# What is needed
Please repeat exactly, and only, the lines from the one containing "Sexy Wedge, makes your foot look so small" through the end of the records below, with no pictures.

= Beginning of Section =

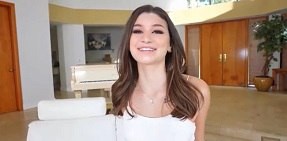 Phim  Sex Brooke Monk fuck em người mẫu body ngon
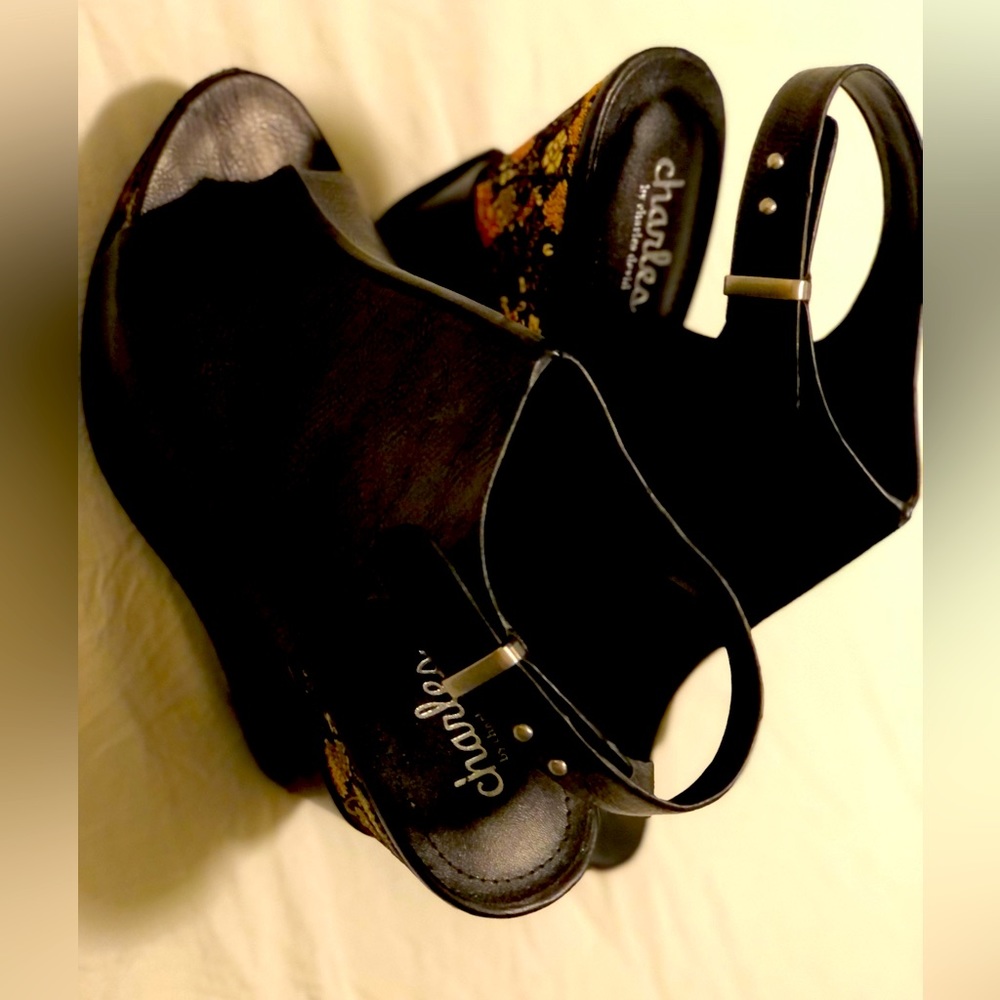 Sexy Wedge, makes your foot look so small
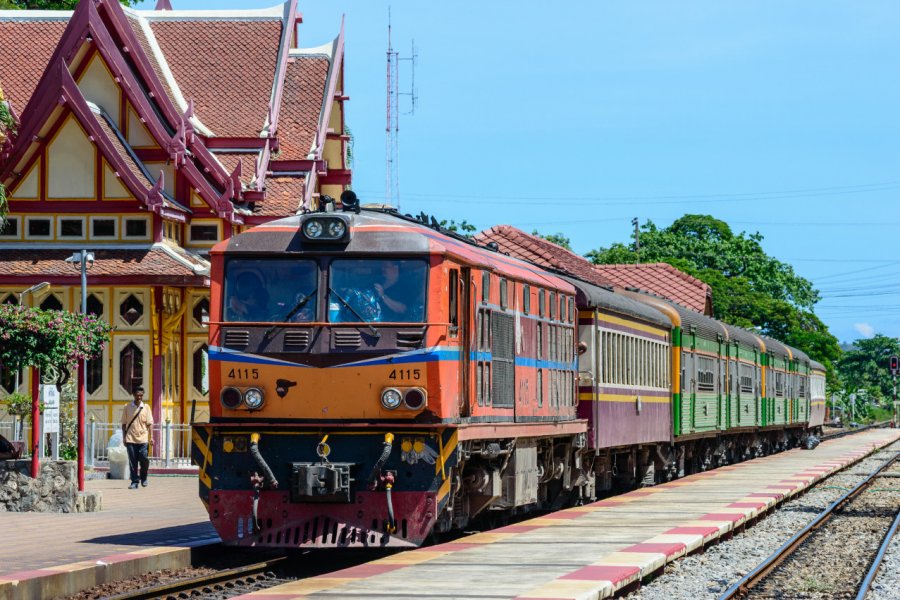 Un train à la gare ferroviaire de Hua hin. Pratan Saetang - Shutterstock.com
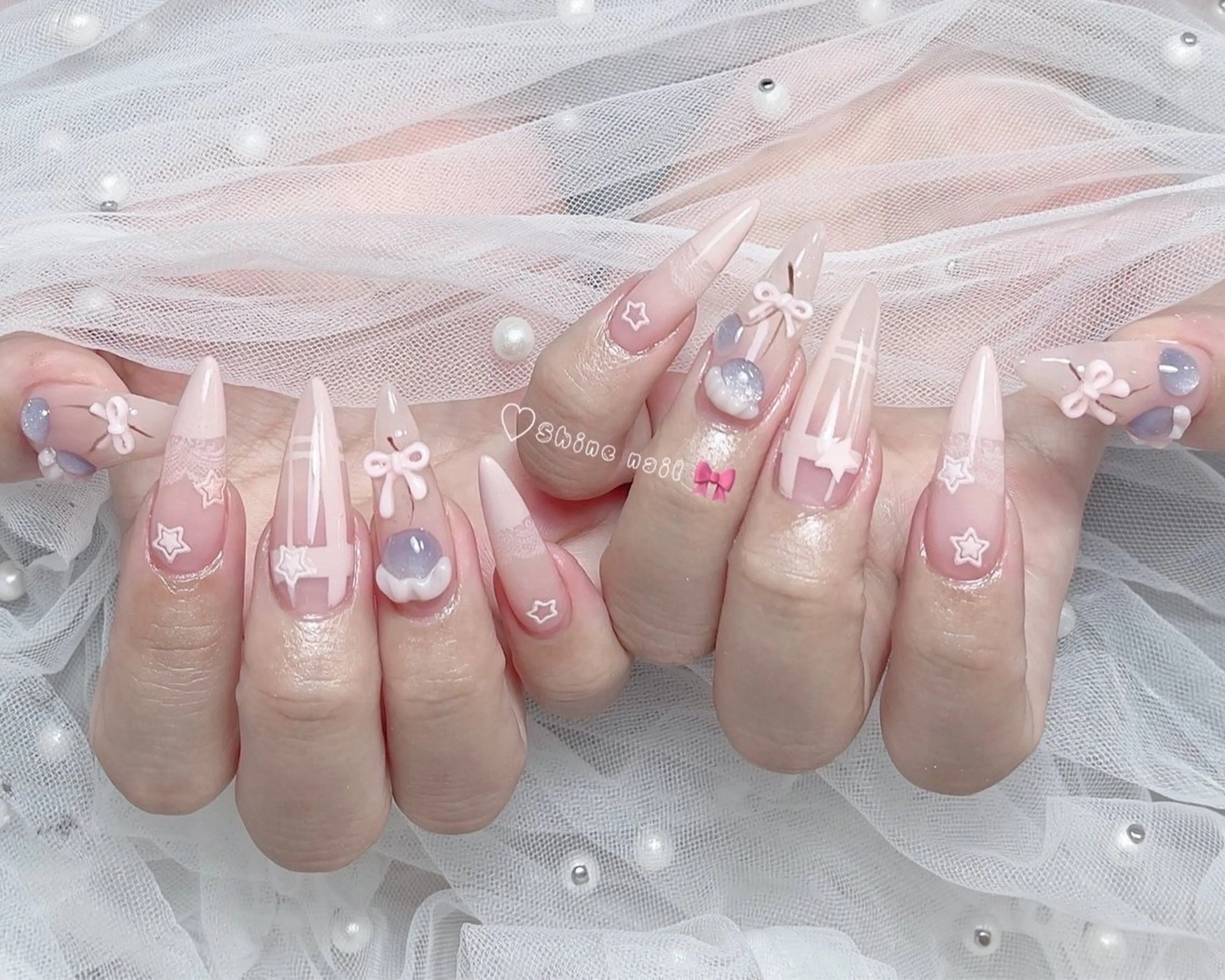 ネイル ハンドネイル サイナ🎀 長さだし&デザインのネイルデザイン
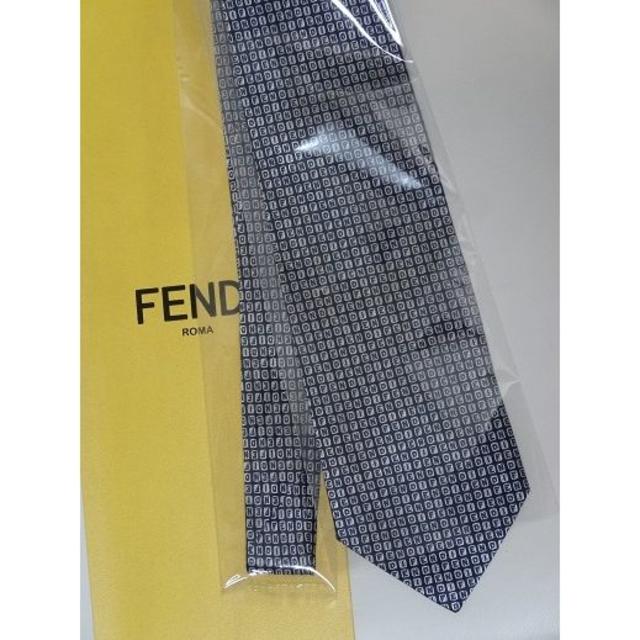 FENDI(フェンディ)のほぼ新品★フェンディFENDI★ロゴ総柄★高級ネクタイ★クリーニング済 メンズのファッション小物(ネクタイ)の商品写真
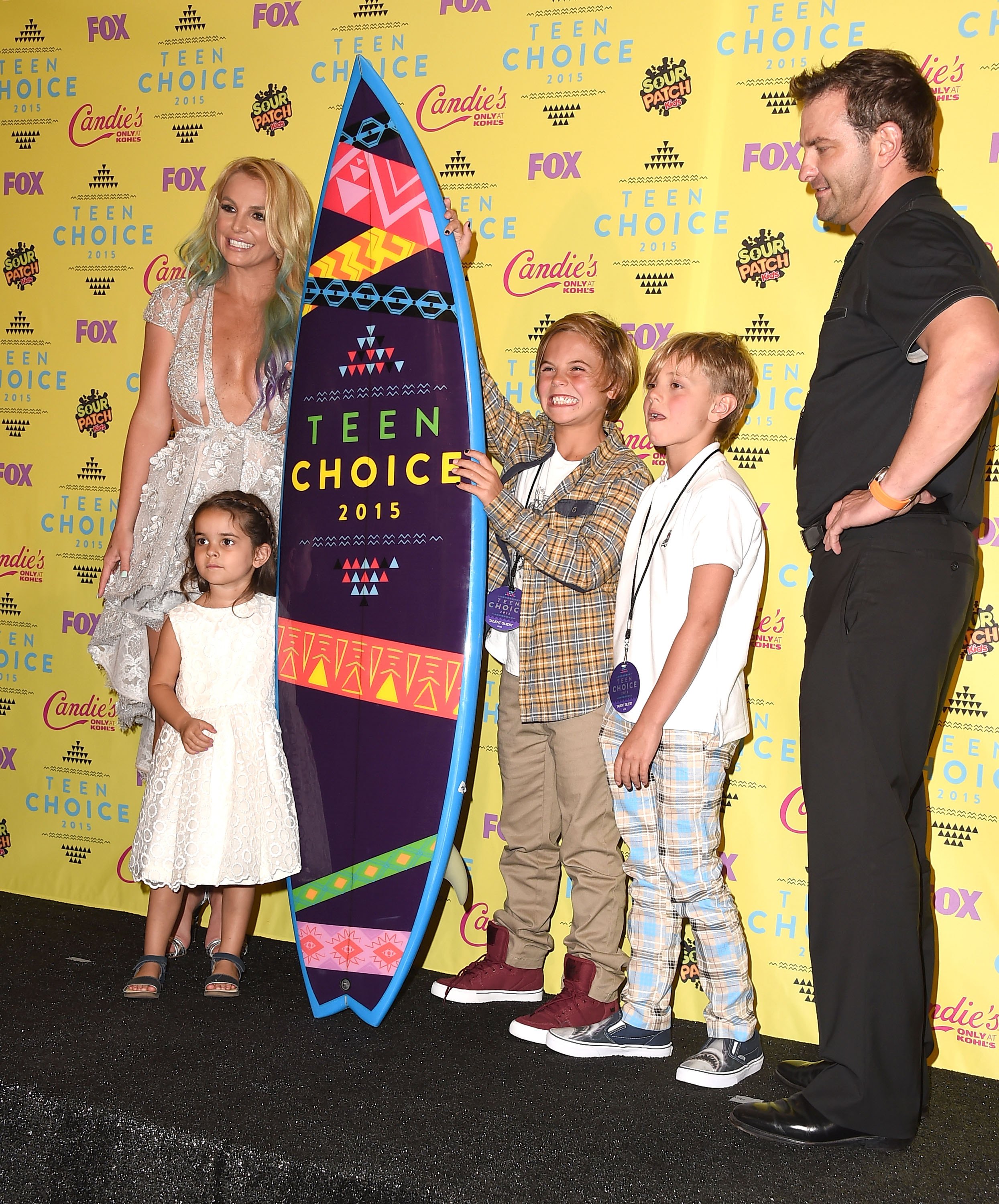 Britney Spears poses with Maddie Briann Aldridge, Sean Preston Federline, and Jayden James Federline at Galen Center on August 16, 2015 in Los Angeles, California | Source: Getty Images
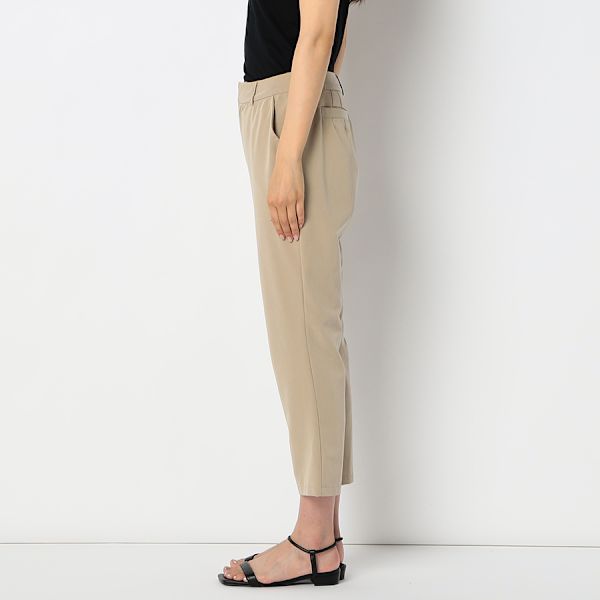 シンプルテーパードパンツ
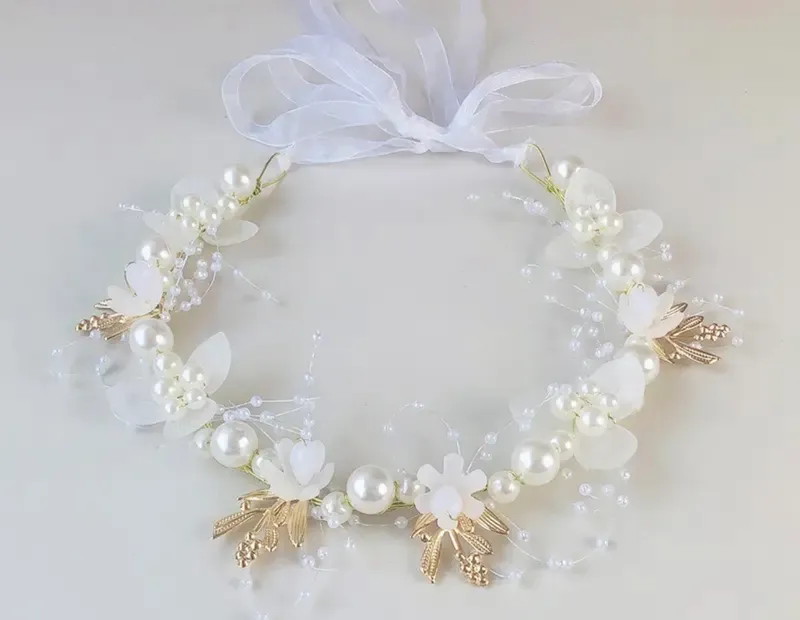 Diadema elegante de perlas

= End of Section =

# Answer for the task
 Sexy Wedge, makes your foot look so small
 Un train à la gare ferroviaire de Hua hin. Pratan Saetang - Shutterstock.com
 ネイル ハンドネイル サイナ🎀 長さだし&デザインのネイルデザイン
 FENDI(フェンディ)のほぼ新品★フェンディFENDI★ロゴ総柄★高級ネクタイ★クリーニング済 メンズのファッション小物(ネクタイ)の商品写真
 Britney Spears poses with Maddie Briann Aldridge, Sean Preston Federline, and Jayden James Federline at Galen Center on August 16, 2015 in Los Angeles, California | Source: Getty Images
 シンプルテーパードパンツ
 Diadema elegante de perlas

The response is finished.